For reference, all of the FlashMax II benchmarks were performed on a Dell R710 with 192GB of RAM. This is a dual-socket Xeon E5-2660 machine with 16 physical and 32 virtual cores. (I had originally planned to use the Cisco UCS C250 that is often used for our test runs, but that machine ran into some unrelated hardware difficulties and was ultimately unavailable.) The operating system in use was CentOS 6.3, and the filesystem used for the test was XFS, mounted with both the noatime,nodiratime options. The card was physically formatted back to factory default settings in between the synchronous and asynchronous test suites. Note that factory default settings for the FlashMax II will cause it to be formatted in “maxcapacity” mode rather than “maxperformance” mode (maxperformance reserves some additional space internally to provide better write performance). In “maxcapacity” mode, the device tested provides approximately 2200GB of space. In “maxperformance” mode, it’s a bit less than 1900GB.
Without further ado, then, here are the numbers.

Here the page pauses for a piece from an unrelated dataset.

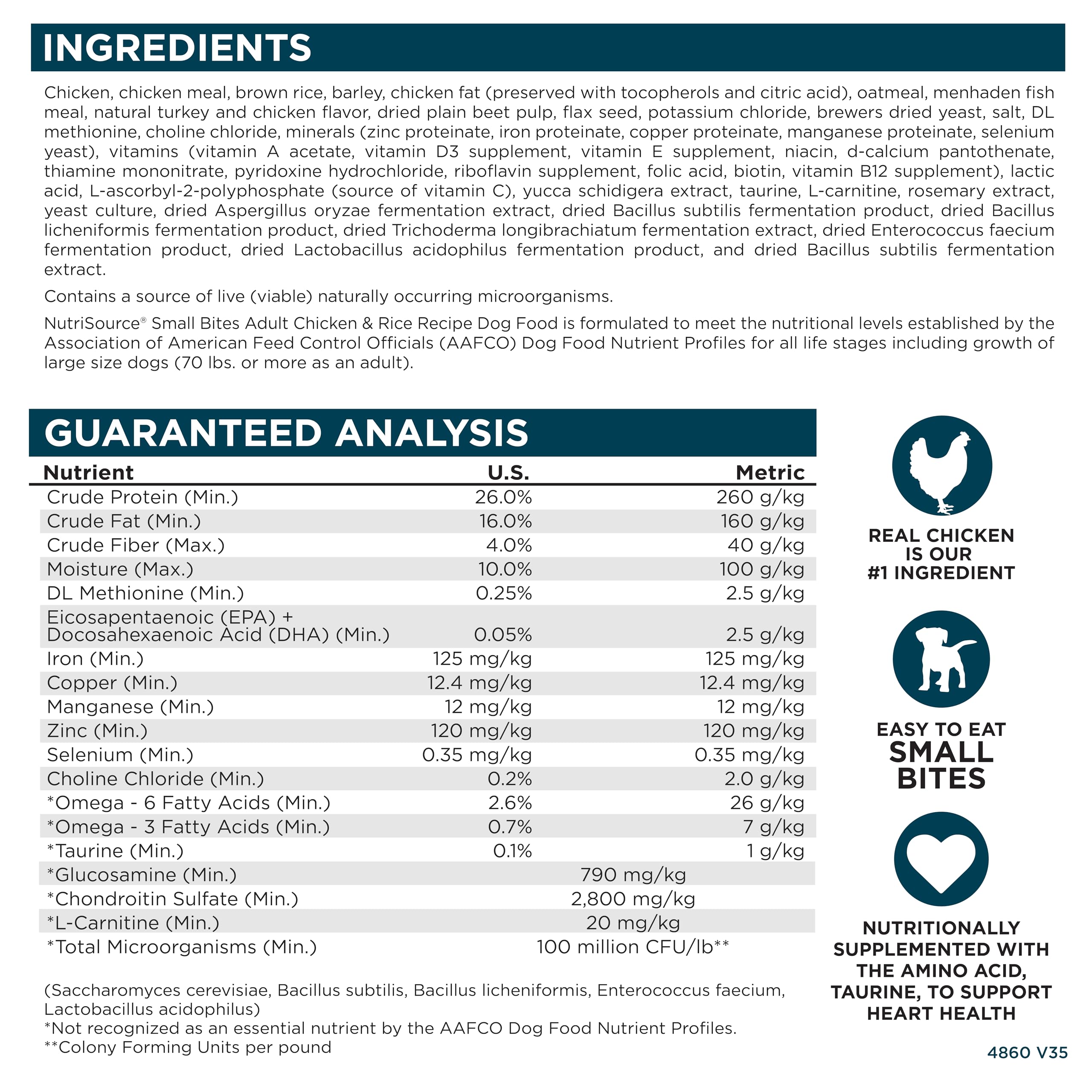 porciones de tamaño pequeño de nutrisource facilitan la alimentación diaria.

First, asynchronous random writes:
There is a warmup period of around 18 minutes or so, and after about 45 minutes the performance stabilizes and remains effectively constant, as shown by the next graph.
Once the write performance reaches equilibrium, it does so at just under 780MiB/sec, which is approximately 40% higher than the 550MiB/sec exhibited by the FlashMax 1400M.
Asynchronous random read is up next:
The behavior of the FlashMax II is very similar to that of the FlashMax 1400M in terms of predictable performance; the standard deviation on the asynchronous random read throughput measurement is only 5.7MiB/sec. However, the overall read throughput is over 1000MiB/sec better with the FlashMax II: we see a read throughput of approximately 2580MiB/sec vs. 1450MiB/sec with the previous generation of hardware, an improvement of roughly 80%.
Finally, we take a look at synchronous random read.
At 256 threads, read throughput tops out at 2090MiB/sec, which is about 20% less than the asynchronous results; given the small bump in throughput going from 128 to 256 threads and the doubling of latency that was also introduced there, this is likely about as good as it is going to get.
For comparison, the FlashMax 1400M synchronous random read test stopped after 64 threads, reaching a synchronous random read throughput of 1345MiB/sec and a 95th-percentile latency of 1.49ms. With those same 64 threads, the FlashMax II reaches 1883MiB/sec with a 95th-percentile latency of 1.105ms. This represents approximately 40% more throughput, 25% faster.
In every area tested, the FlashMax II outperforms the original FlashMax 1400M by a significant margin, and can be considered a worthy successor.